Ryther is one of the most complained about scam sites, please feel free to take the bad link down before some one gets scammed. I post here not to long ago about all the problems a friend had with them. I really hope this was an over site by canon rumors. Soooo dissapointed :*( No one will get a USA camera at that price i suspect!


----------



## cpsico (Mar 24, 2012)

Can anyone here give me a good example of there experience with Ryther, I just want to be fair!!
http://www.yelp.com/biz/ryther-camera-linden
http://www.resellerratings.com/store/Ryther_Camera/sort/likes
http://www.bbb.org/new-jersey/business-reviews/photographic-equipment-and-supplies-retail/ryther-camera-in-linden-nj-90088466/complaints


----------



## Seamus (Mar 24, 2012)

I don't think that CR chooses the companies that appear in those ad blocks. They are content related by site through Adchoices, which is from google's Adsense program. I wouldn't hold CR responsible.


----------



## cpsico (Mar 24, 2012)

Seamus said:


> I don't think that CR chooses the companies that appear in those ad blocks. They are content related by site through Adchoices, which is from google's Adsense program. I wouldn't hold CR responsible.
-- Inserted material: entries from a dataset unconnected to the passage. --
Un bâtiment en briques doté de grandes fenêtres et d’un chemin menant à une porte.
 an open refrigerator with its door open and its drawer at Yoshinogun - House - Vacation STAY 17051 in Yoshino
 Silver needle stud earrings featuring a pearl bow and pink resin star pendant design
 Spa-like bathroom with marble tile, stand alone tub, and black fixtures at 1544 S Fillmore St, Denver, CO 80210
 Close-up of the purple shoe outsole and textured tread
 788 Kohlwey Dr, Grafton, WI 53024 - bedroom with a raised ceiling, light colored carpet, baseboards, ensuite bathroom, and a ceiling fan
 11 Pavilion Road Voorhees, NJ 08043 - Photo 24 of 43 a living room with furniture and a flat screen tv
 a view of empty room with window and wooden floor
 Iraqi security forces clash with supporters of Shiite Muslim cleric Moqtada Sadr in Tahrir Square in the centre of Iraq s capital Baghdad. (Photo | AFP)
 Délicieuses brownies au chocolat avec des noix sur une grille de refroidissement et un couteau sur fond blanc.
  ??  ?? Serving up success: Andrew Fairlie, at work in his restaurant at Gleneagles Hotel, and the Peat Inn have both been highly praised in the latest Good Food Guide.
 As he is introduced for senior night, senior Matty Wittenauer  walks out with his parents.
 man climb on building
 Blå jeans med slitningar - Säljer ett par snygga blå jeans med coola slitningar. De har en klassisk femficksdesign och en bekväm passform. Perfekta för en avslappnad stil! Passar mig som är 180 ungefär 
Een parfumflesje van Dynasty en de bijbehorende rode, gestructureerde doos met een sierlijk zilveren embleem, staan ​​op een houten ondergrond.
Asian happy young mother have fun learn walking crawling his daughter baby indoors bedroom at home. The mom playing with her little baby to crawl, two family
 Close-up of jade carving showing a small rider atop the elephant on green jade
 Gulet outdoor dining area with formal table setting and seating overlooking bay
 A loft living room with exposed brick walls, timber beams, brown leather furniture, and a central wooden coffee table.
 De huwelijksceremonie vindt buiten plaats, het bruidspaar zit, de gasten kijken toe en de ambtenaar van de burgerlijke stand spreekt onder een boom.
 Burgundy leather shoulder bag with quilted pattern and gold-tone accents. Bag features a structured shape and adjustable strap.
I can see a third party doing that, I dont hold CR responsible, i just want people to know that there is a real problem with this company and too good to be true deals!!


----------



## Mt Spokane Photography (Mar 24, 2012)

Where have you seen CR promoting them. Are you talking about the ads that Google places? CR has little or no control over them, however users do have a input. There is a button in the lower right corner of the Google ads that you can click to tell Google factual experiences you have had. 

That is by far the best way to let Google know.


----------



## yuxinhong (Mar 24, 2012)

Here is the reviews for them, 
http://www.resellerratings.com/store/Ryther_Camera

and i had ordered my 60D with them like year ago,
they want to sell you more things, what you charge you for the shipping, hold you stuff and don't ship out as promised, and if you want to cancel, they will charge you cancellation fee!!!

the only thing they have is good sales that can talk a lot, if you post a bad review, they will call you and call you to make you change that, and offer you some cheap but free stuff as bribe.

it just don't worth all those energy, time, and waiting to save so little on a camera, since that experience, i will always order from like amazon, adorama and b&H.


----------



## bycostello (Mar 25, 2012)

long since learnt that if it is too good to be true, it usually is!


----------



## Canon Rumors Guy (Mar 25, 2012)

I can block sites, which I've now done with Ryther. I do NOT control what Google puts through the adsense network. The scam sites change URL's too, so it's an ongoing battle.

Thanks
CR


----------